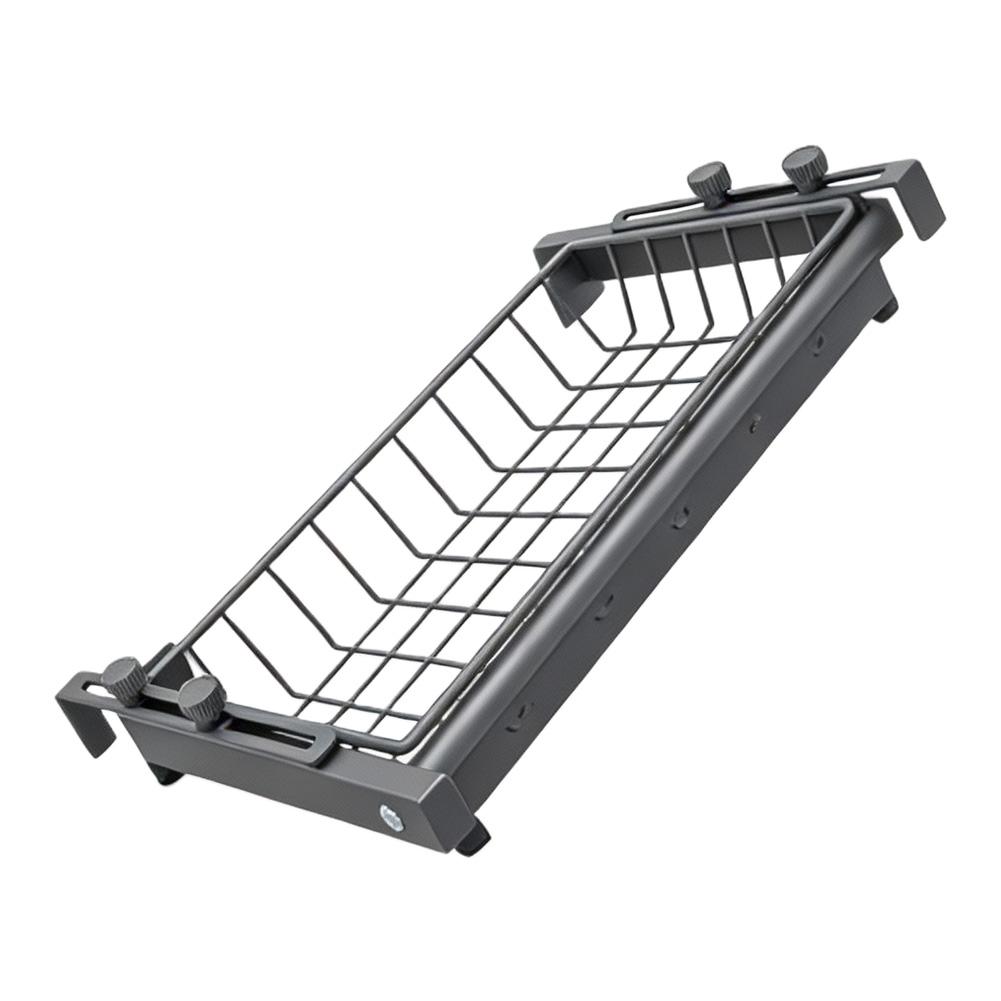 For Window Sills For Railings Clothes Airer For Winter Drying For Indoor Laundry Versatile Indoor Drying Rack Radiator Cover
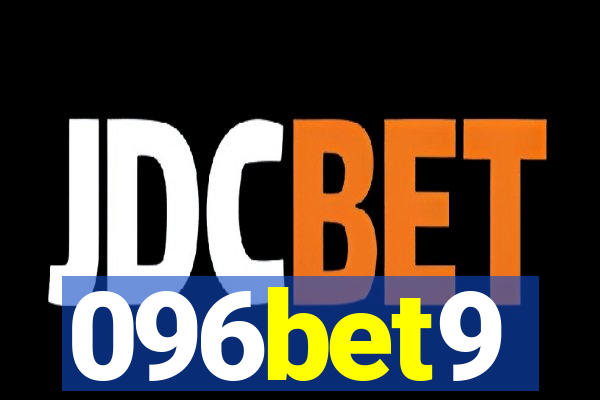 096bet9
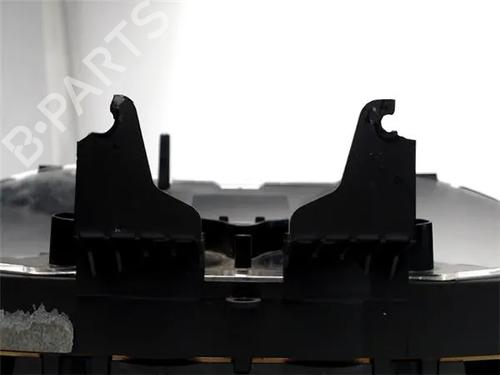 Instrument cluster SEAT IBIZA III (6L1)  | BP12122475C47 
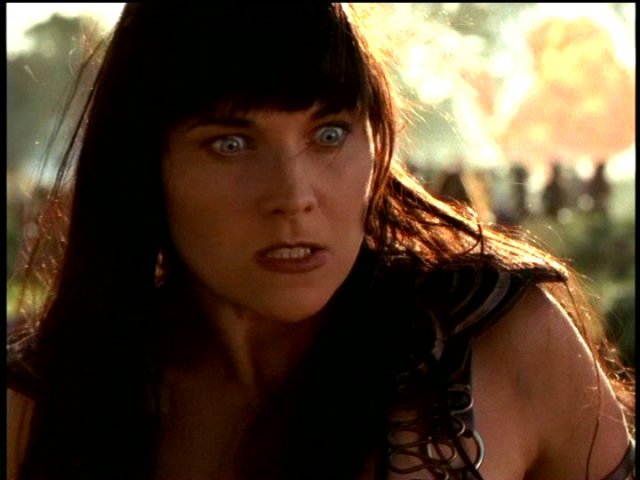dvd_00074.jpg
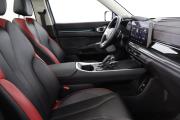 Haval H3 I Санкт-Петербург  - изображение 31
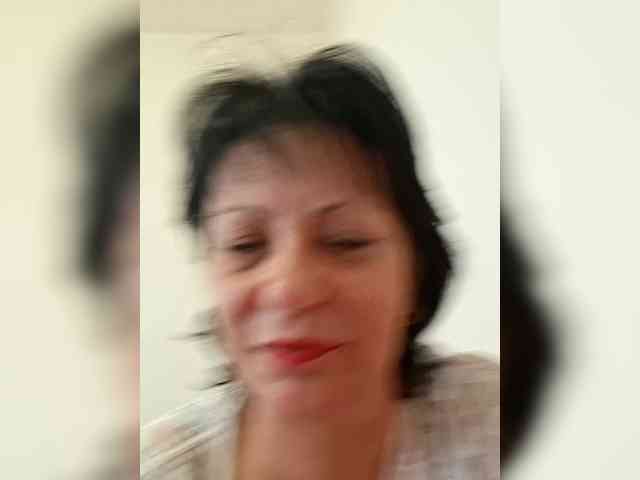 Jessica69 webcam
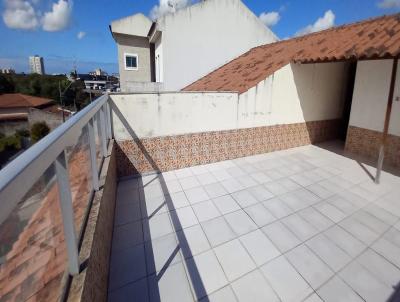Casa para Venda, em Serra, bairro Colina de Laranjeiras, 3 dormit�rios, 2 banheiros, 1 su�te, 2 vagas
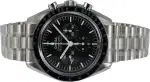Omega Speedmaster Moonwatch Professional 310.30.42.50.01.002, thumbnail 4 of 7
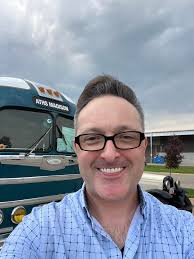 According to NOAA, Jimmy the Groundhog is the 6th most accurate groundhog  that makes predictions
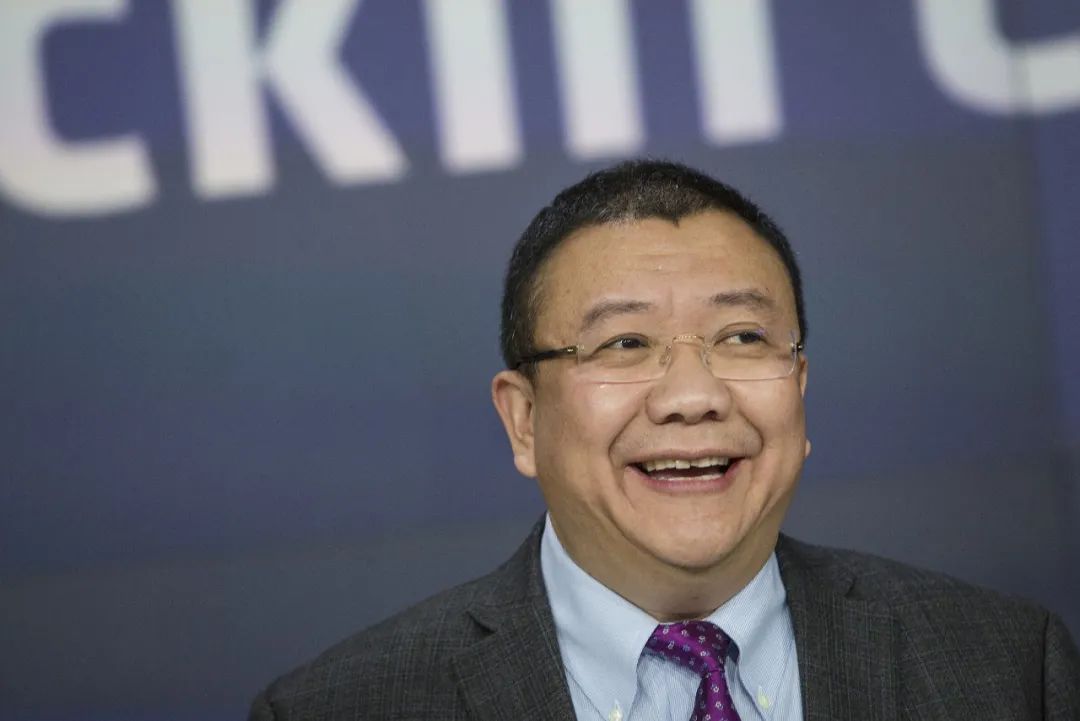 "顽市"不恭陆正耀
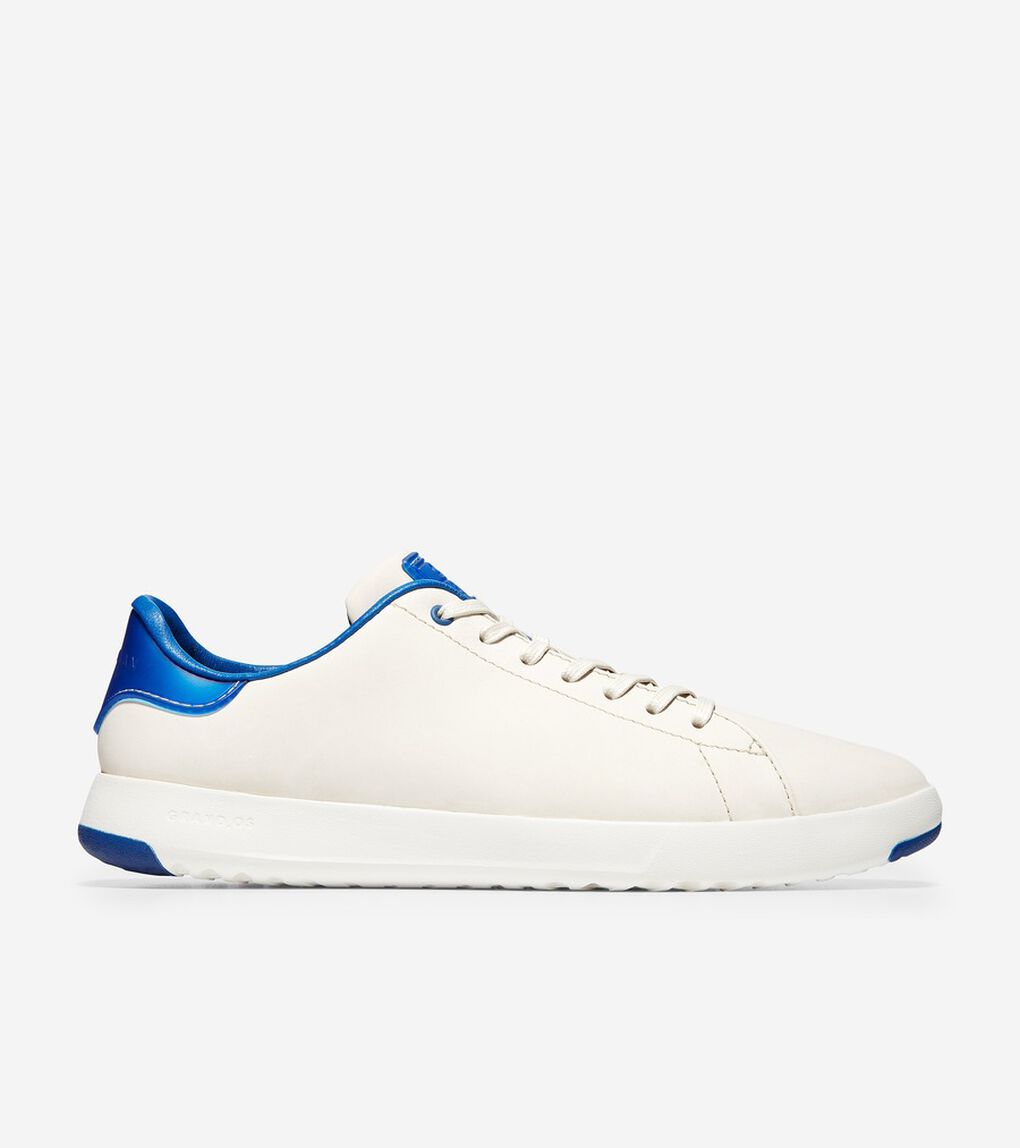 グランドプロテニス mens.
+ + +
Could you copy out every record exactly, minus the pictures?

 For Window Sills For Railings Clothes Airer For Winter Drying For Indoor Laundry Versatile Indoor Drying Rack Radiator Cover
 096bet9
 Instrument cluster SEAT IBIZA III (6L1)  | BP12122475C47 
dvd_00074.jpg
 Haval H3 I Санкт-Петербург  - изображение 31
 Jessica69 webcam
Casa para Venda, em Serra, bairro Colina de Laranjeiras, 3 dormit�rios, 2 banheiros, 1 su�te, 2 vagas
Omega Speedmaster Moonwatch Professional 310.30.42.50.01.002, thumbnail 4 of 7
 According to NOAA, Jimmy the Groundhog is the 6th most accurate groundhog  that makes predictions
 "顽市"不恭陆正耀
 グランドプロテニス mens.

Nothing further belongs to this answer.